◆ TASK REQUIREMENTS ◆
Exact copy, pictures excluded: output the lines from the opening of the entries through the line bearing "Unusual design of".

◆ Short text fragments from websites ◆
--*--

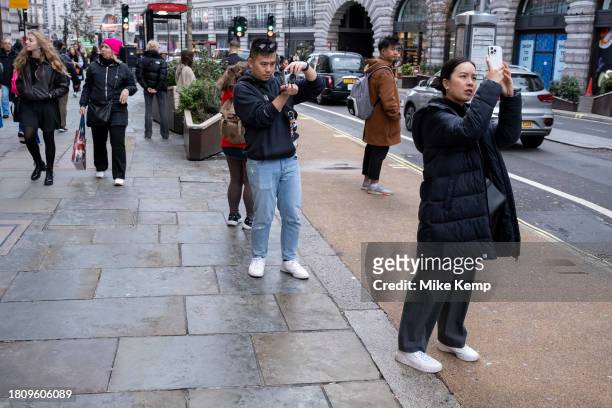 Man taking photographs on a digital rangefinder camera of a woman also taking pictures on her smartphone along Regent Street on 13th November 2023 in...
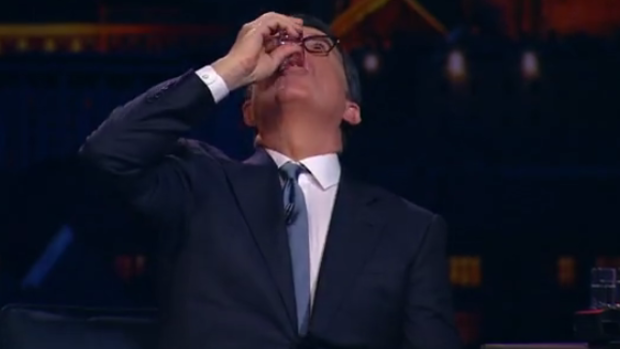 Cheers to that! Urgant gives Colbert a shot of vodka.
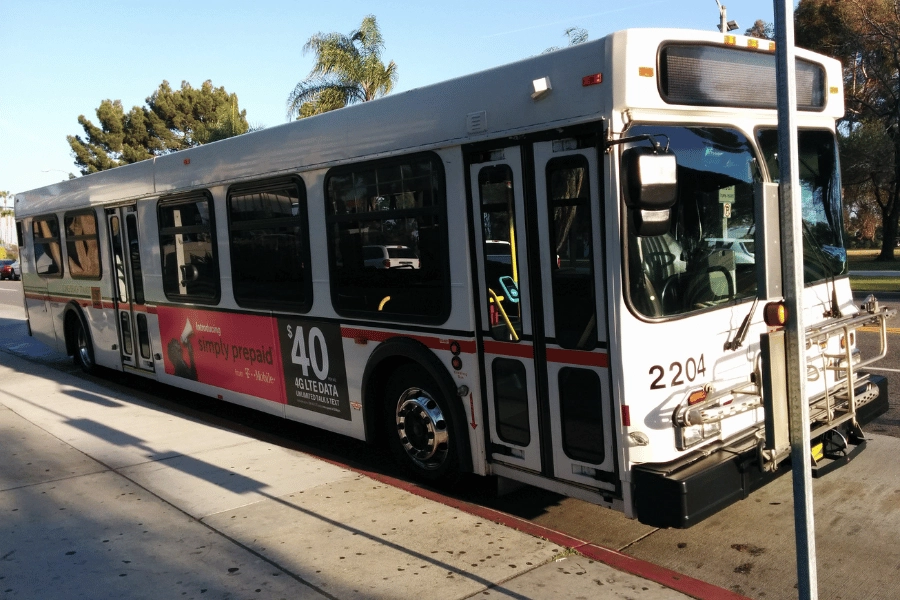 white city bus parked on the side of the street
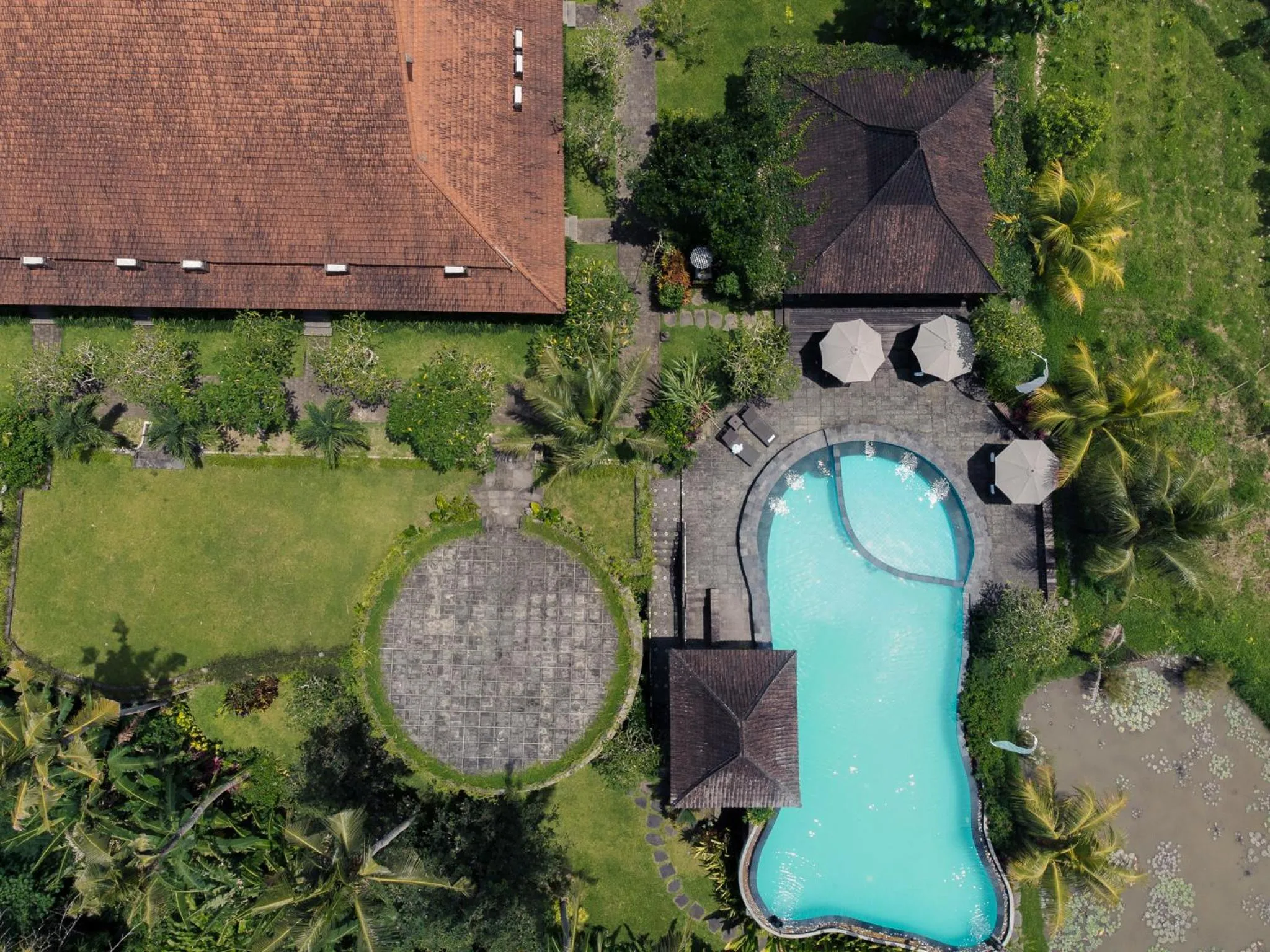 Swimming pool in Uma Dawa Resort and Spa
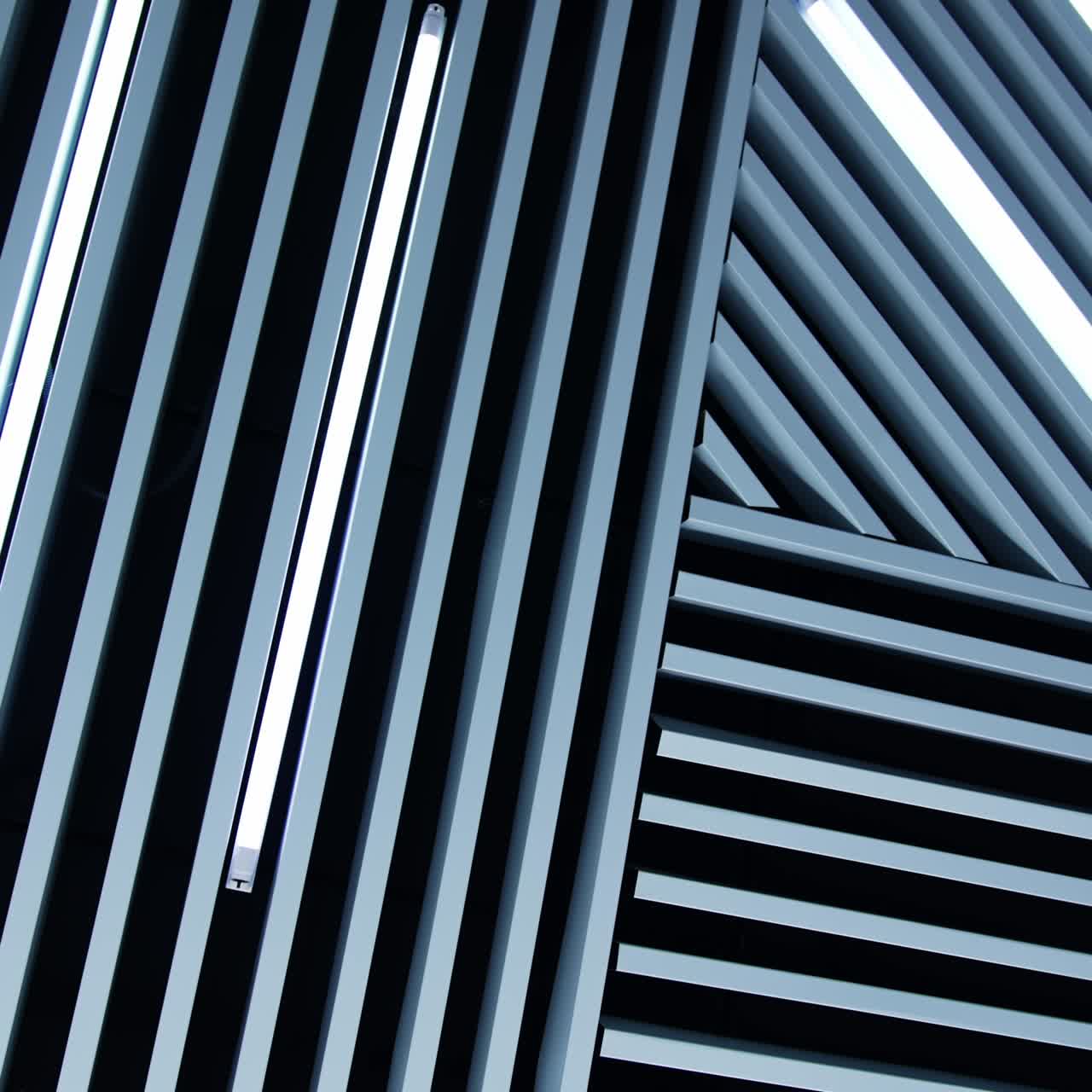 Unusual design of the ceiling in the room. Decorative planks with lamps of daylight among them. Low angle view
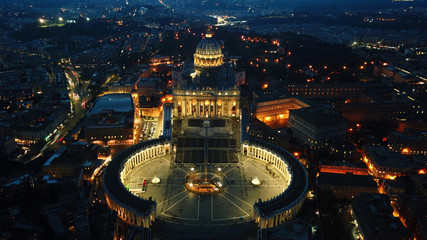 Aerial drone night view of Saint Peter's square in front of world's largest church - Papal Basilica...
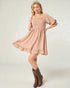 Woman wearing a pink dress with ruffled sleeves and hem, standing against a plain background.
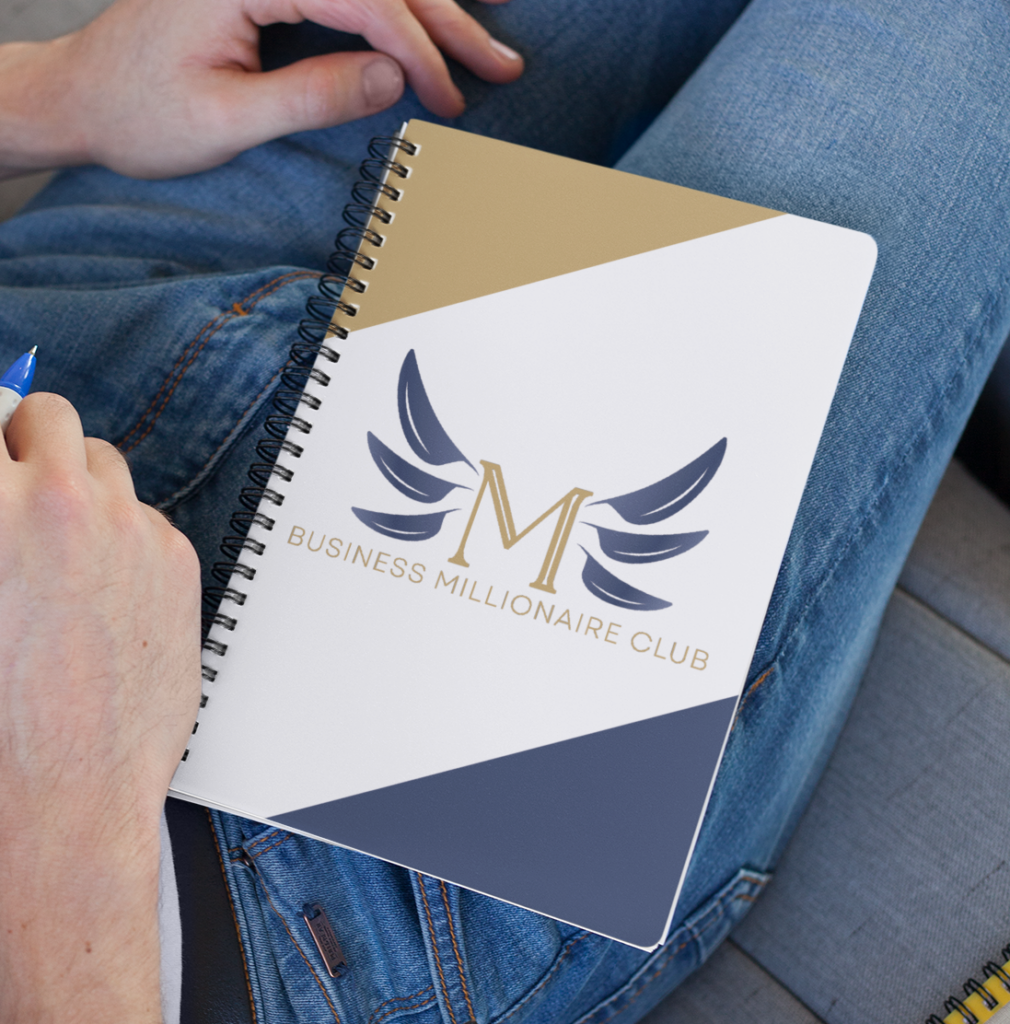 A person in jeans holds a spiral notebook with a gold, white, and navy cover that reads M Business Millionaire Club, featuring a stylized winged M logo—perfect inspiration for business consultants focused on branding.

--*--

◆ SOLUTION BELOW ◆
 Man taking photographs on a digital rangefinder camera of a woman also taking pictures on her smartphone along Regent Street on 13th November 2023 in...
 Cheers to that! Urgant gives Colbert a shot of vodka.
 white city bus parked on the side of the street
 Swimming pool in Uma Dawa Resort and Spa
 Unusual design of the ceiling in the room. Decorative planks with lamps of daylight among them. Low angle view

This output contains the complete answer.